NEW YORK, NEW YORK - The city that inventor Thomas Edison electrified 125 years ago has completed the transition from direct to alternating current, helping to erase the vestiges of a feud between giants of invention.

The Consolidated Edison utility pulled the plug on direct current service.

The change means that Con Ed now exclusively uses the alternating current system invented by Nikola Tesla. The utility is named for Edison, whose Pearl Street Station in Manhattan was the first U.S. central electrical power plant, serving 59 customers with direct current beginning in 1882.

In the so-called "war of currents," Edison feuded with Tesla and George Westinghouse over which transmission method to adopt — even going so far as to publicly electrocute animals in the hopes of showing AC was too dangerous.

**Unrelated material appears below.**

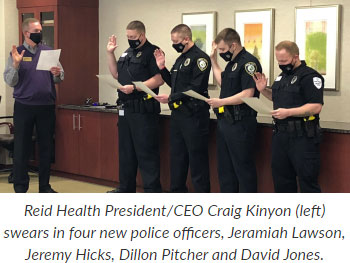 Supplied Photo: Police Officers being sworn in at Reid Health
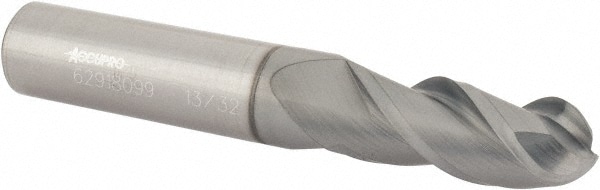 Accupro 12179174 Ball End Mill: 0.4062" Dia, 1" LOC, 3 Flute, Solid Carbide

Alternating current proved superior as transformers allowed electricity to travel over long-distance wires. As AC gained prevalence over DC across the world, Con Ed froze the development of the DC system in 1928 but continued to supply New York's major DC customers with the existing system.

In January 1998, Con Ed began to eliminate DC service. At that time, there were more than 4,600 DC customers. By last year, there were only 60.

Con Ed spokesman Robert McGee said some of the city's elevators still operate with DC using rectifiers that convert the utility's AC service.